In an embodiment, each Company Database can replace their PII with tokens. Any person or application requiring the use of PII would use a governance engine that supports permitted use of that data. In this way, the PIG 10 becomes the single source of all PII data within an organization as well as the single place requiring protection and management. This improves and standardizes records management and data cleansing while maintaining internal data security measures. In another embodiment, the PIG 10 may actually be formed of two components, a first that holds the master records (on a secluded network) and a second that stores the hashed shredded records and can communicate directly with the Internet.
In an embodiment, the initial architecture of the system will require there to be enough nodes to ensure no single node can re-identify a person. For example, if Node 1 held a given name and surname, or a surname and phone number, that could be enough to re-identify. Even though all chunks are stored in an encrypted way, this will ensure that the data stays de-identified. Some other PI chunks could be placed together with less risk such as birth month and city. In the embodiment, the data schema is laid out in such a way as to ensure no single point of failure could cause an outage in the use of data. Whether through redundant copies or multiple parity chunks such as what is employed with object storage or other scale-out storage solutions can be used.

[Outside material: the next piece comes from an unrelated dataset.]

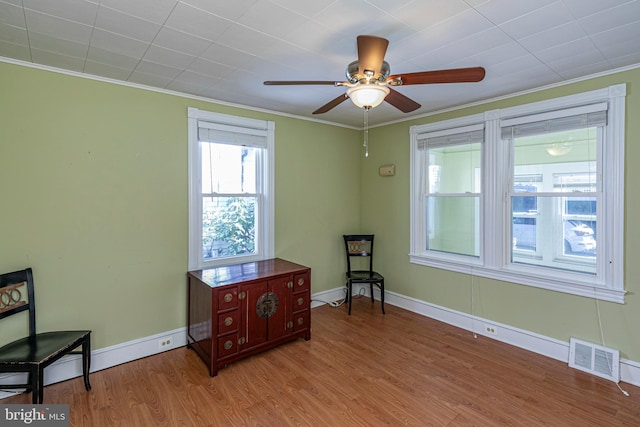 sitting room with crown molding, light hardwood / wood-style flooring, and ceiling fan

In an embodiment, due to the distributed nature of the deployment, each organization will have used varying levels of security. A hacker would be required to hack multiple environments simultaneously to retrieve useful data. Even then, it may be similar to retrieving a large phone book with an arbitrary account number as the single identifier of the provider organization.

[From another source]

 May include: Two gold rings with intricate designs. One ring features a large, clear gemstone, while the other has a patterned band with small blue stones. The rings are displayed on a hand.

In an embodiment, a binary conversion may be utilized to convert alphanumeric characters to binary to increase the granularity of the distribution of characters. As more complex characters are intended for use, the coding should not be limited to UTF-8. Because of distributing the binary elements, even letters of a name are unintelligible to the PIG storing the data and the matching process between organizations will take little processing to accomplish.
The invention has been described herein using specific embodiments for the purposes of illustration only. It will be readily apparent to one of ordinary skill in the art, however, that the principles of the invention can be embodied in other ways. Therefore, the invention should not be regarded as being limited in scope to the specific embodiments disclosed herein, but instead as being fully commensurate in scope with the following claims.